America’s Worst Congressman is back at his favorite pastime, turning chicken salad into chicken s—t.
Stevan Edward Pearce (R-N.M.), the multimillionaire who voted against feeding starving children, health care for the poor and improved education for members of minority communities, really gets off on giving away public lands to rich corporations. His latest such ploy is called the “Luna and Hildalgo Counties Wilderness Study Area Release Act of 2015.” It would wipe out the last vestiges of protection of landscape and wildlife habitat for nine Wilderness Study Areas on public land in New Mexico. This would enable developers to bulldoze and build, extraction industry rapists to drill and frack and new industrial sites to pollute and plunder.
The Wilderness Study Area designation calls for wild lands to be managed for their wilderness characteristics, a period of evaluation designed ultimately to lead to greater and immutable protection under the Wilderness Act of 1964. This process has already led to full protection of such remarkable New Mexico sites as the Organ Mountains Desert Peaks National Monument, the Prehistoric Trackways National Monument and the Rio Grande del Norte National Monument.
Pearce fought tooth and nail against the Organ Mountains and Prehistoric Trackways protections in his district. Thanks especially to New Mexico’s two U.S. Senators, Martin Heinrich and Tom Udall, President Obama paid heed to ten years of citizen input and environmental study by designating them national monuments.
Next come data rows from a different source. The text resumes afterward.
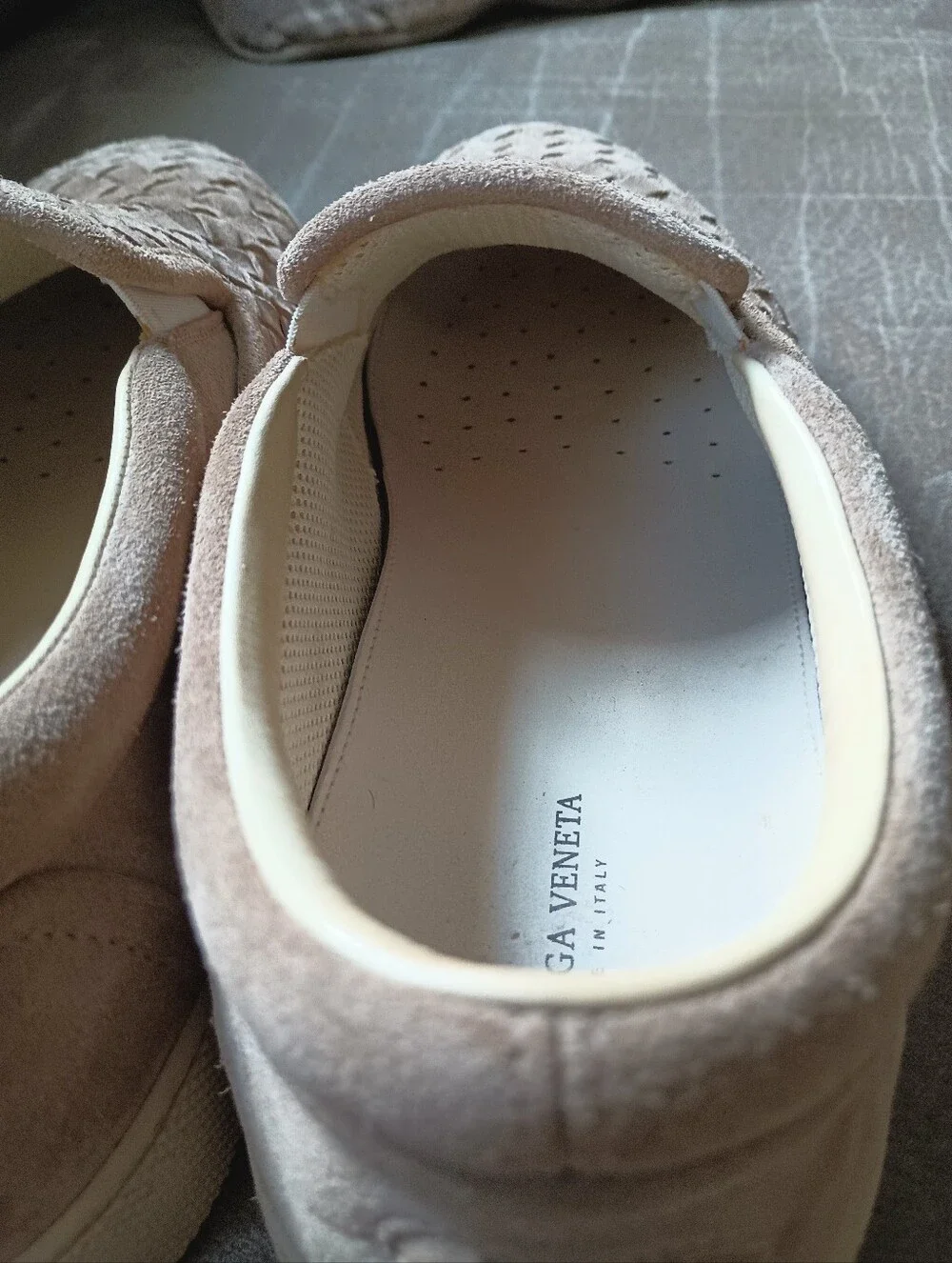 Bottega Veneta Beige Intrecciato Suede Mens Slip on Sneakers Size 42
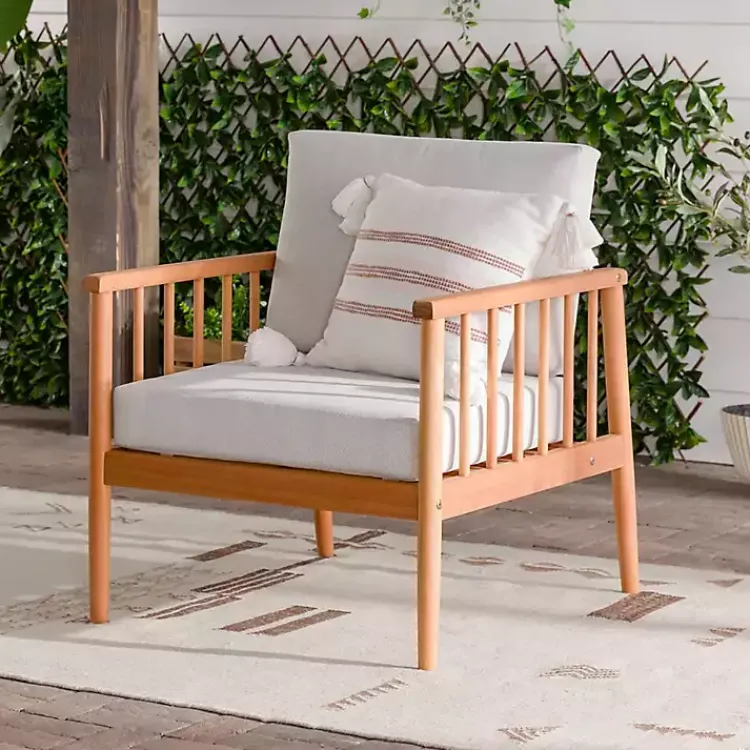 Kirklands Home Natural Eucalyptus Wood Outdoor Accent Chair New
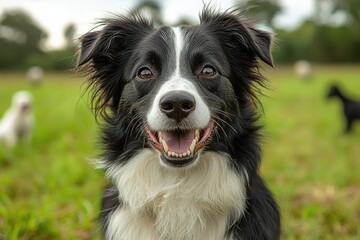 Close-up of a smiling black and white border collie in a grassy field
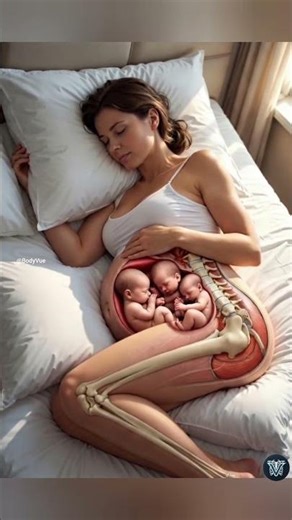 Triplet Pregnancy and Baby Positioning: 3D Medical Animation #pregnancyjourney #anatomy #shortvideo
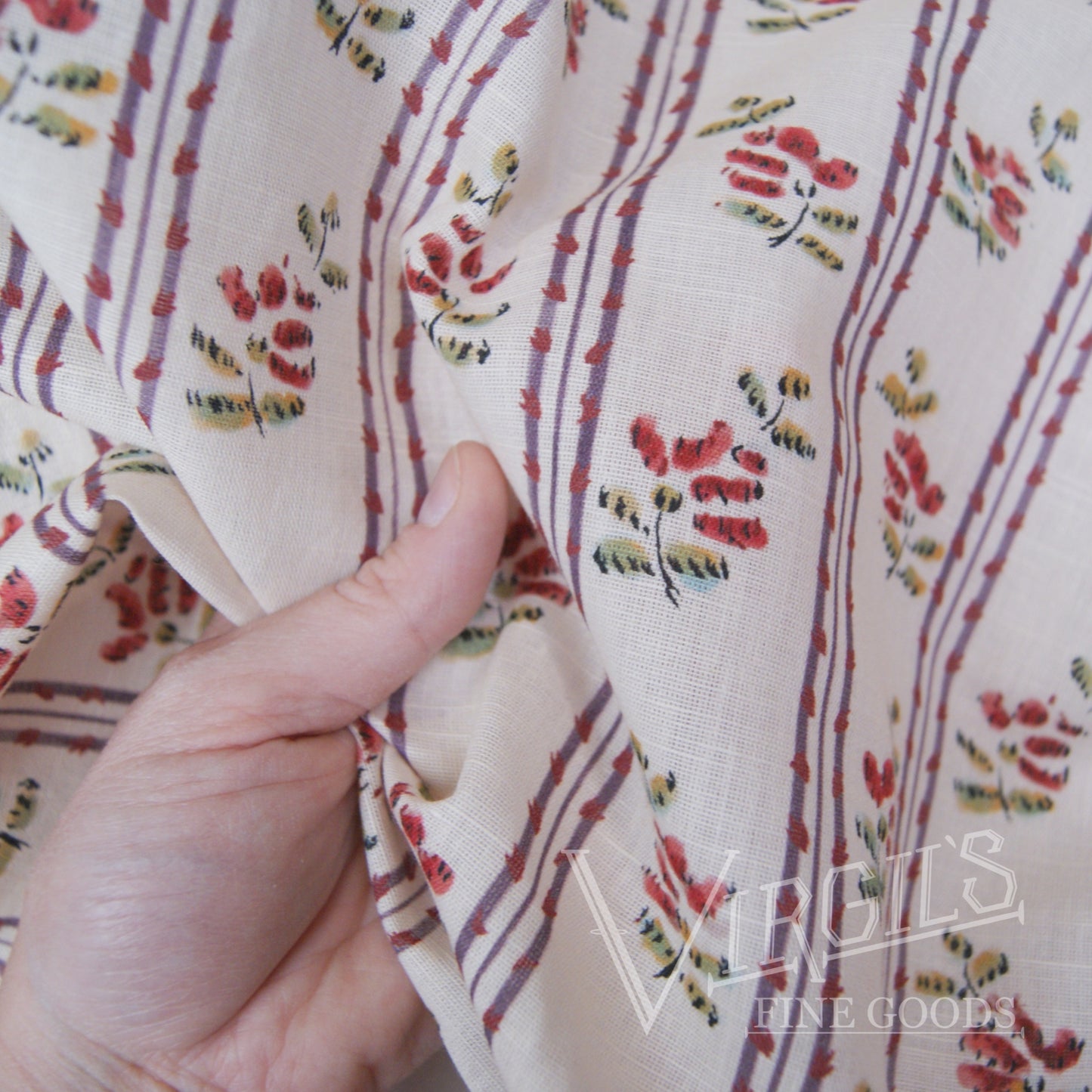 Cait's Flowers (ca1770-1780) Linen/Cotton Fabric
America’s Worst Congressman isn’t about to let his profiteering friends in the extraction industries be shut out again. Hence the stealthy “Release Act,” designed to cut the public out of the decision-making process so that his rich pals can quietly suck their obscene profits out of our land, yours and mine. One thing about Pearce, he’s consistent. If it will fatten the profits of a one-percenter, he’s for it. If it will enhance the quality of life of the commoners, he’s agin’ it.
One of the WSA’s he wants to give over to his rich pals is in the Florida Mountains outside of Deming. Almost 20 years ago, my wife and I were wandering around in those mountains looking for a trail up to a prominent feature called the Needle’s Eye. A bear of a man in motorcyclist’s gear appeared in the rocks above us. “If you’re lookin’ for a trail,” he called out, “there ain’t none.”
This was Big John, long-haul trucker for six months every year, citizen of the wild for the other six. Steve Pearce had better hope that he never runs into Big John in the wilderness areas he wants to degrade. Big John could skish the Congressperson with one hand. And Big John knows the areas targeted in Pearce’s legislation like the back of that hand.
Big John, whose conversational style is as rough-hewn as his appearance, became a poet as he described to us the beauty of the wild lands in the part of New Mexico he had adopted as home. Big Hatchet Mountain, the Floridas, the Peloncillo Mountains, Gila Lower Box, Alamo Hueco Mountains, Blue Creek, the Cedar Mountains, Cook’s Range and Guadalupe Canyon — these and other places, including a large array of magnificently preserved petroglyphs, he knew well. The hand-drawn maps he sketched for us on paper napkins were remarkably accurate in their detail. They led us to places that convinced us we wanted to become New Mexicans when we retired from our jobs Back East. Which we did.
We never saw Big John again. I’d like to think that he’s still around, for at least six months every year, soaking up the richness and wonder of life in the last of the wild places. I’d like to think that he’d fight like hell, and prevail, against the perverse legislation Stevan Edward Pearce wants to sneak past us into the law books.
We need more Big Johns in these parts. And fewer Steve Pearces in Congress.